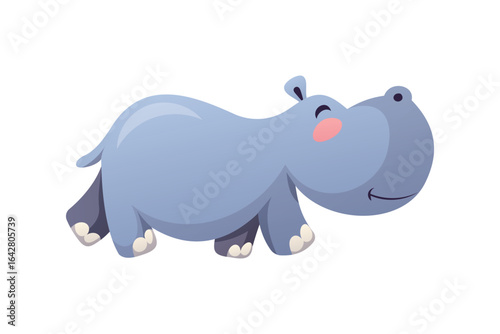 Cute hippopotamus character, vector illustration.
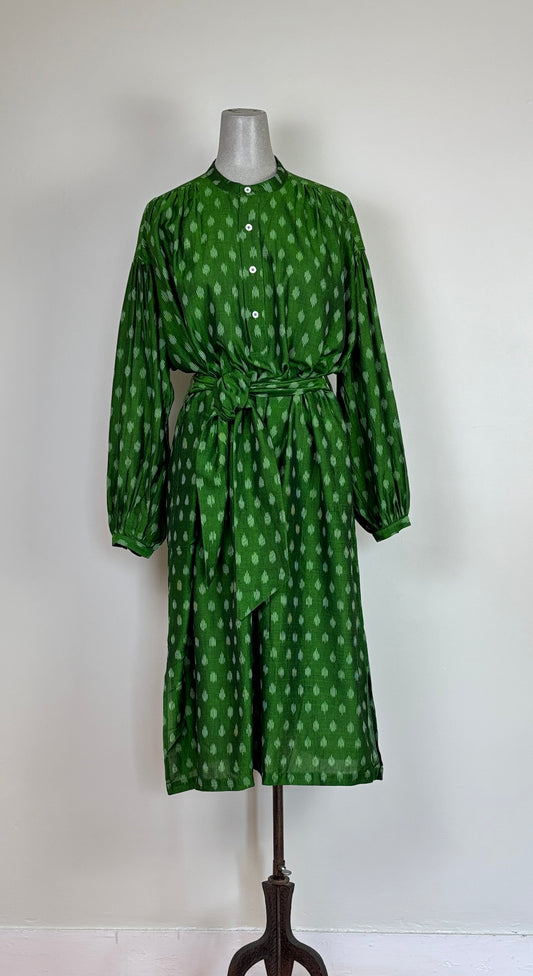 Uqnatu  ~  Popover Dress - Persian Green Ikat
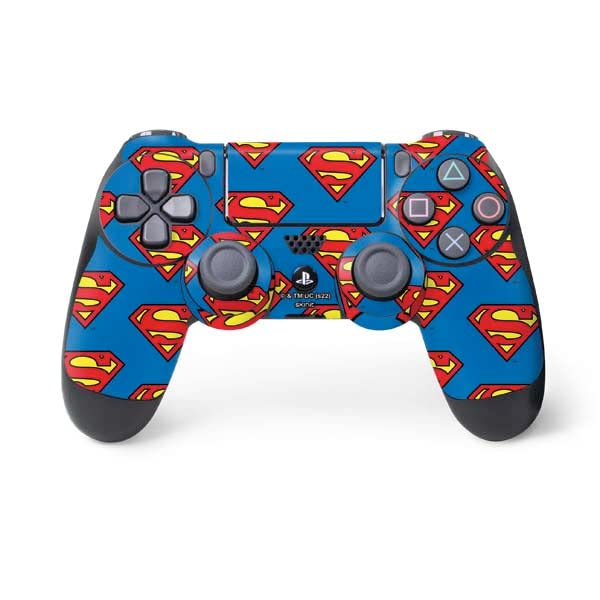Skinit Decal Gaming Skin Compatible with PS4 Controller - Officially Licensed DC Comics Superman Logo Pattern Design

* * *

• _AIM OF THE EXERCISE_
The result should be a word-for-word restatement of all the data, without images.

• _WRITTEN ANSWER_
 Cute hippopotamus character, vector illustration.
 Uqnatu  ~  Popover Dress - Persian Green Ikat
Skinit Decal Gaming Skin Compatible with PS4 Controller - Officially Licensed DC Comics Superman Logo Pattern Design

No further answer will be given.